Design: Prospective, case series.
Setting: In-hospital settings.
Participants: 41 knees of 34 patients were examined. 4 knees of 4 patients were included in a pilot study for technique refinement only, while the remaining 37 knees of 30 patients were included in the study.

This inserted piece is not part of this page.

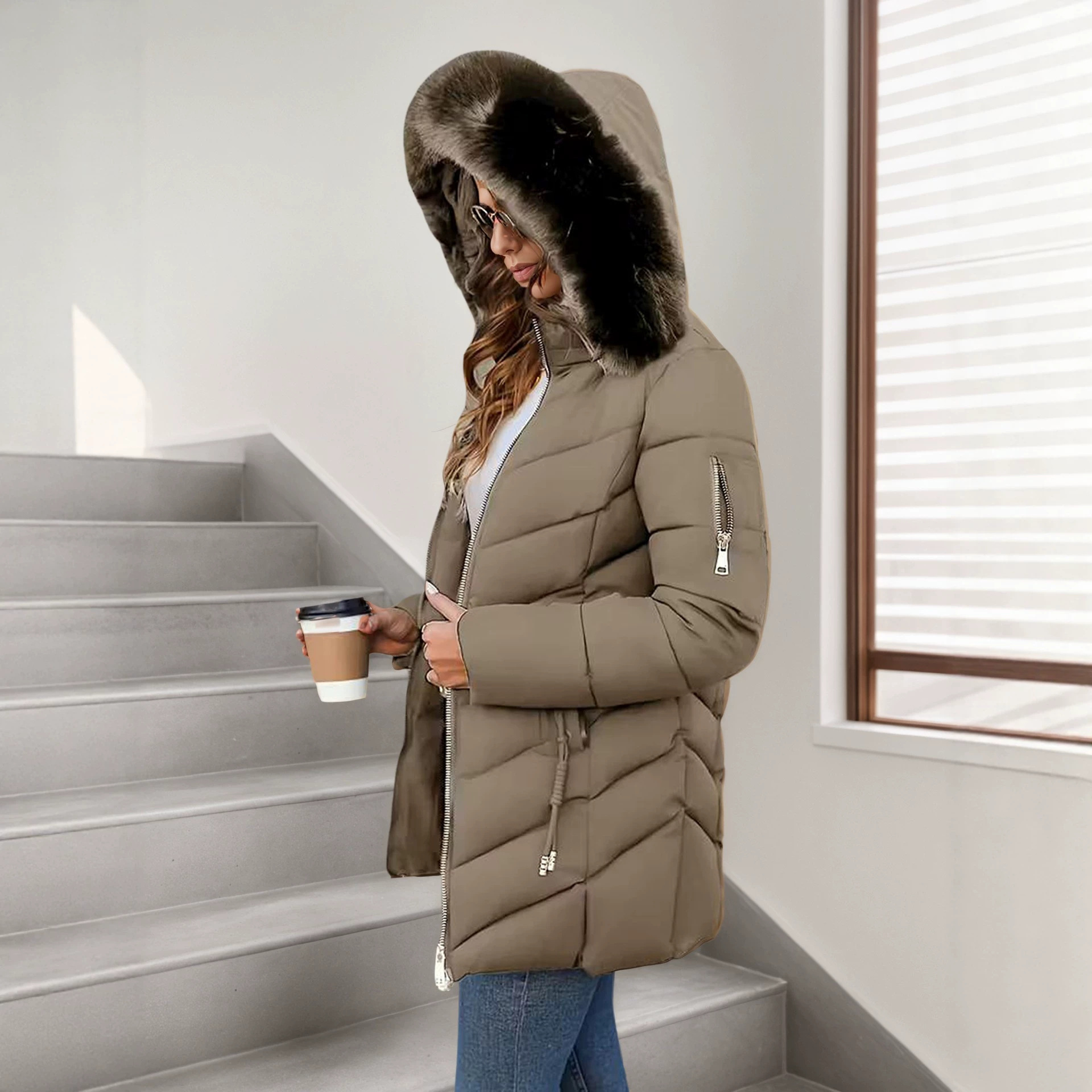 Hooded Slim-fit Versatile Down Jacket For Women photo 4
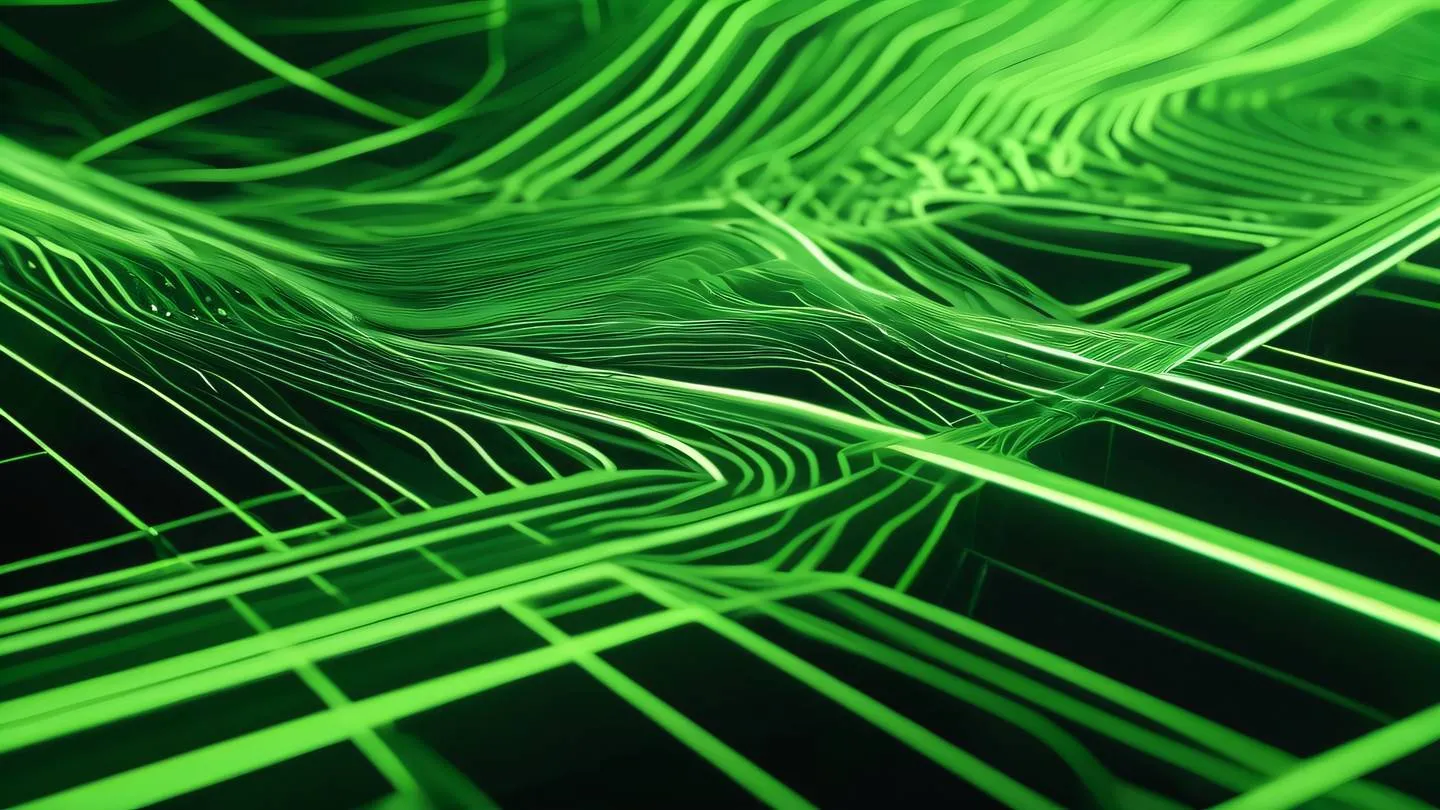 Abstract geometric patterns representing data flow with interconnected flowing lines and shapes in fluorescent green and off-white colors captured from a 45-degree angle high-quality ultra-realistic cinematic 8K UHD high resolution sharp and detail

Main outcome measures: The times from ICG administration to fluorescence onset and fluorescence duration from onset to complete attenuation were recorded. The fluorescence intensity at the anterior, middle, and posterior segments of the meniscus was evaluated on a 4-point scale. The younger and older and smoker and non-smoker groups were compared.
Results: The average fluorescence onset time was 32.05 s, whereas the average fluorescence duration was 11 min 14 s. The age groups aged≤45 and ≥46 years showed an onset of 30±24.9 and 33.17±16.2 s and a duration of 12 min 54 s and 10 min 20 s, respectively. The smoking and non-smoking groups exhibited an onset of 28.33±14.4 and 33.84±21.5 s and a duration of 10 min 37 s and 11 min 32 s, respectively. All segments of the lateral meniscus showed higher fluorescence intensities than the medial. The posterior segment of the lateral meniscus at ≤45 was markedly more fluorescent and significantly different from ≥46.
Conclusions: Fluorescence was observed for approximately 30 s after intravenous ICG injection and lasted approximately 10 min. Fluorescence intensity was brighter in the posterior segment of the lateral meniscus, particularly at ≤45. ICG fluorescence-guided knee arthroscopy may assist in case-specific hemodynamics and real-time surgical evaluation of the meniscus in living humans.
目的:本研究旨在利用吲哚菁绿(ICG)荧光引导下的膝关节镜观察半月板及周围组织的血管状况,并确定其与患者背景的相关性。目前,还没有关于ICG荧光引导膝关节镜在评估半月板血管的临床应用的数据。设计:前瞻性,案例系列。设置:医院设置。参与者:对34例患者的41个膝关节进行了检查。4例患者的4个膝关节被纳入一项仅用于技术改进的先导研究,而其余30例患者的37个膝关节被纳入研究。主要观察指标:记录ICG给药至荧光出现的时间和荧光出现至完全衰减的持续时间。在半月板的前、中、后段的荧光强度以4分制进行评估。对年轻人和老年人以及吸烟者和不吸烟者进行比较。结果:平均荧光起始时间为32.05 s,平均荧光持续时间为11 min 14 s。≤45岁和≥46岁年龄组发病时间分别为30±24.9和33.17±16.2 s,持续时间分别为12 min 54 s和10 min 20 s。吸烟组和非吸烟组发病时间分别为28.33±14.4和33.84±21.5 s,持续时间分别为10 min 37 s和11 min 32 s。外侧半月板各节段荧光强度均高于内侧半月板。≤45时外侧半月板后段荧光度明显高于≥46时。结论:静脉注射ICG后荧光持续时间约30 s,持续时间约10 min。荧光强度在外侧半月板后段更亮,特别是≤45。ICG荧光引导膝关节镜可能有助于病例特异性血流动力学和活体半月板的实时手术评估。